**Work to complete**
Copy out the lines beginning at the one with "225 MAYFIELD LN" and ending at the last line of the data, both included; pictures stay out.
=== Record excerpts ===
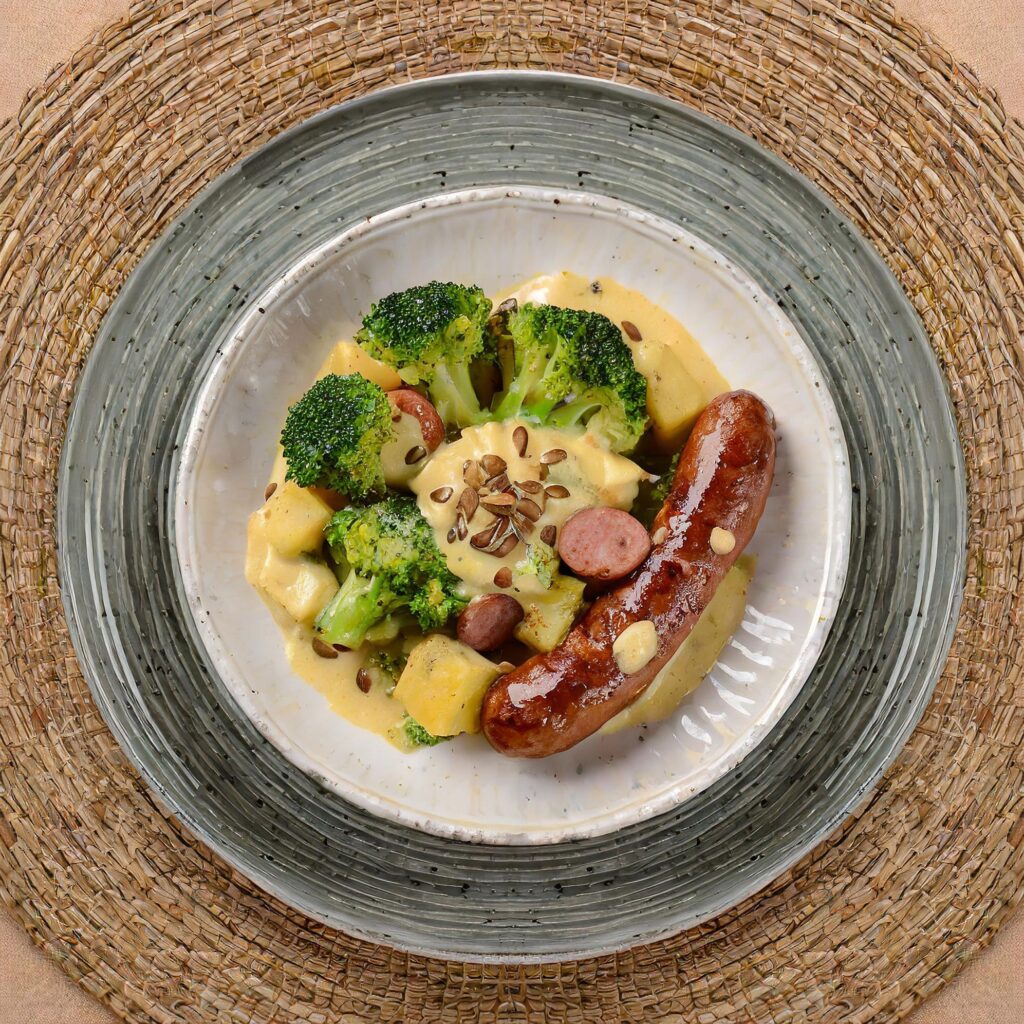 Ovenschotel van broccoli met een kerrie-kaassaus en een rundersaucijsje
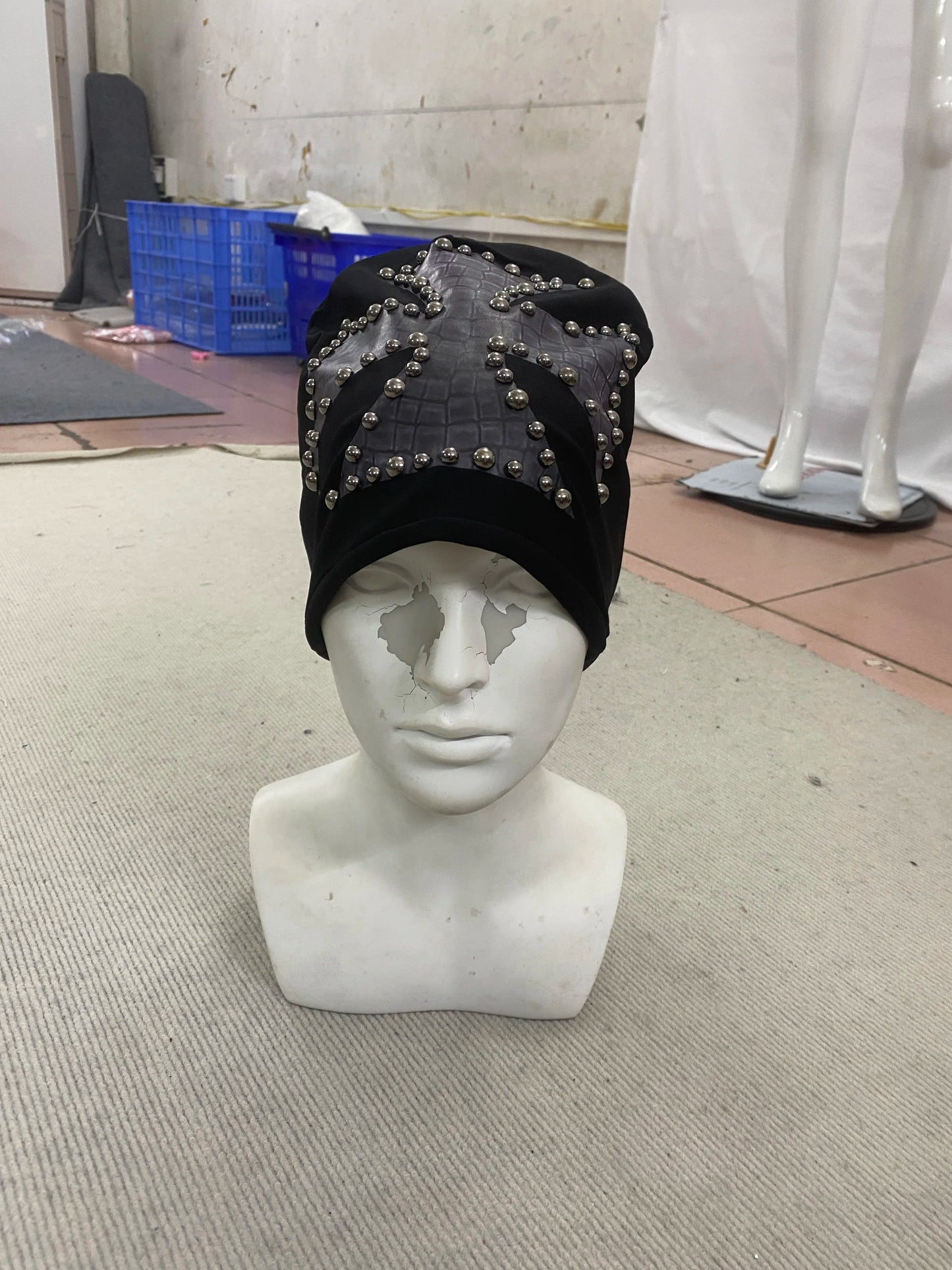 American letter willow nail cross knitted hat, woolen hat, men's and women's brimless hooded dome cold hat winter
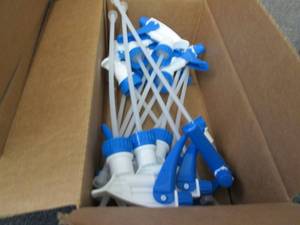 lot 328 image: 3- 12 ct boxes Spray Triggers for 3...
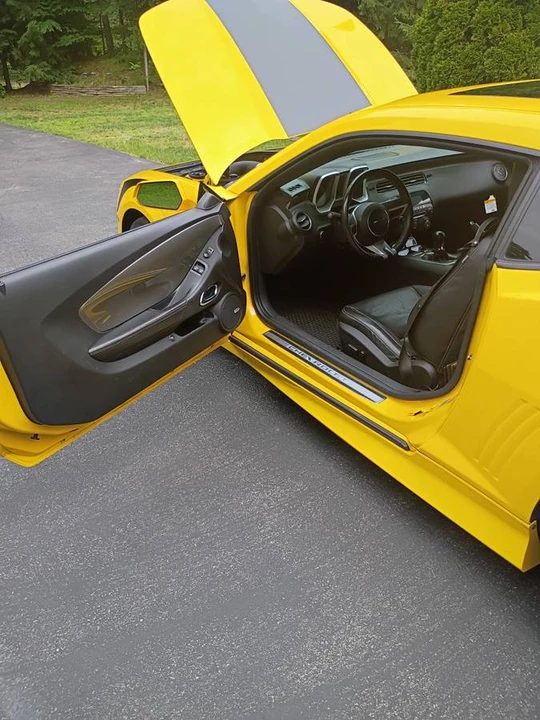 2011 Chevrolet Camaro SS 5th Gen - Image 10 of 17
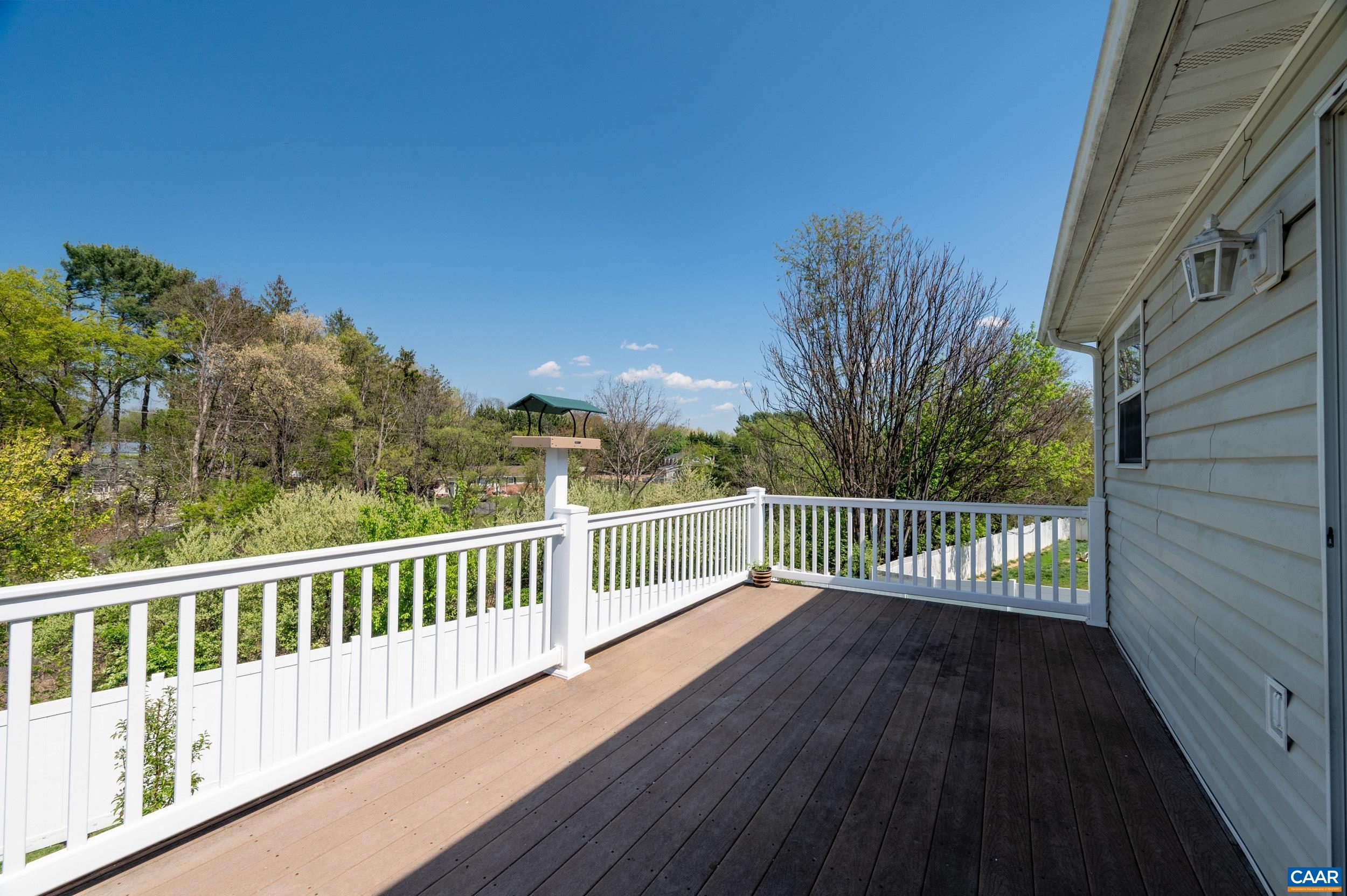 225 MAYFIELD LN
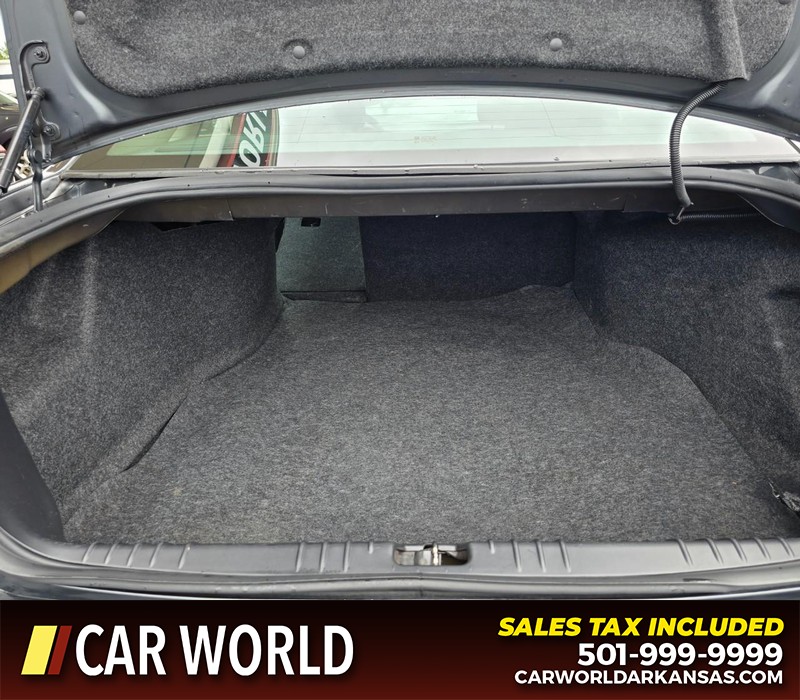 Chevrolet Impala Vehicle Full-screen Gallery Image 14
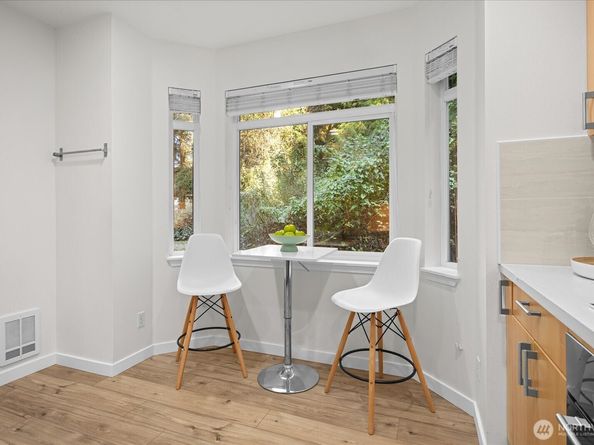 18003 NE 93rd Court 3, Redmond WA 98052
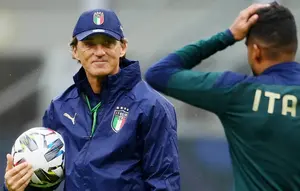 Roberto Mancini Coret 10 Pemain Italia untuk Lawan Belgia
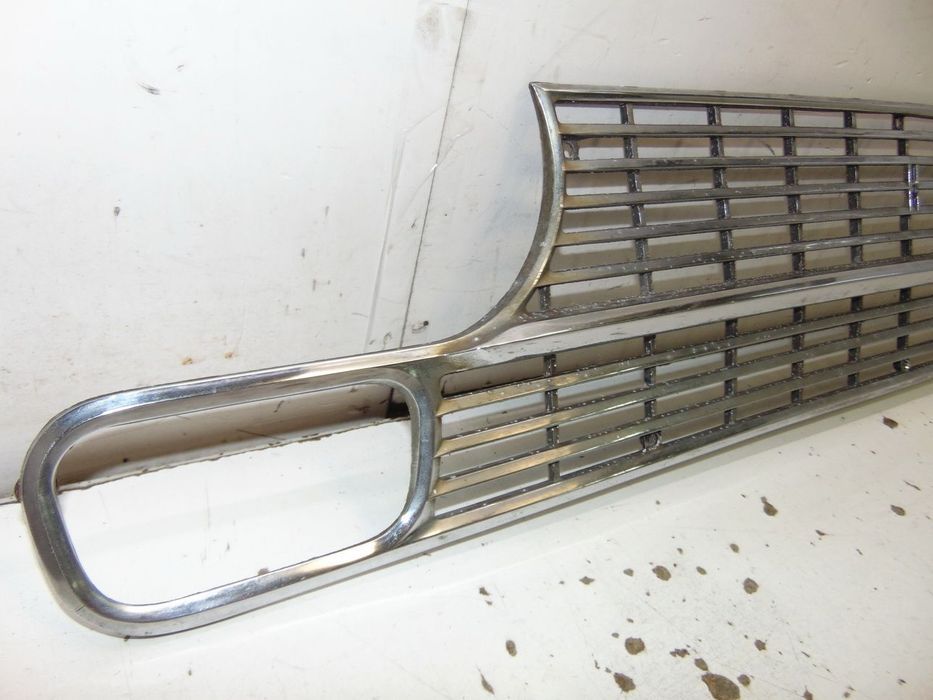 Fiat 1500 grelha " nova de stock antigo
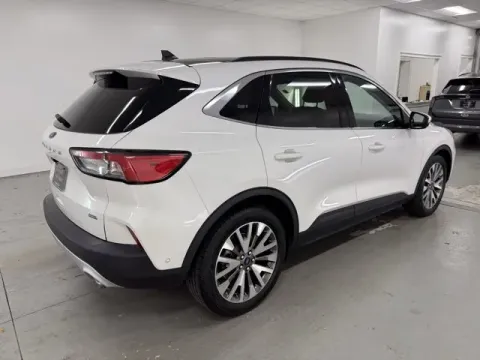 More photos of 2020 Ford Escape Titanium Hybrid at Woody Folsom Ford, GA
===
**The answer**
 225 MAYFIELD LN
 Chevrolet Impala Vehicle Full-screen Gallery Image 14
 18003 NE 93rd Court 3, Redmond WA 98052
 Roberto Mancini Coret 10 Pemain Italia untuk Lawan Belgia
 Fiat 1500 grelha " nova de stock antigo
 More photos of 2020 Ford Escape Titanium Hybrid at Woody Folsom Ford, GA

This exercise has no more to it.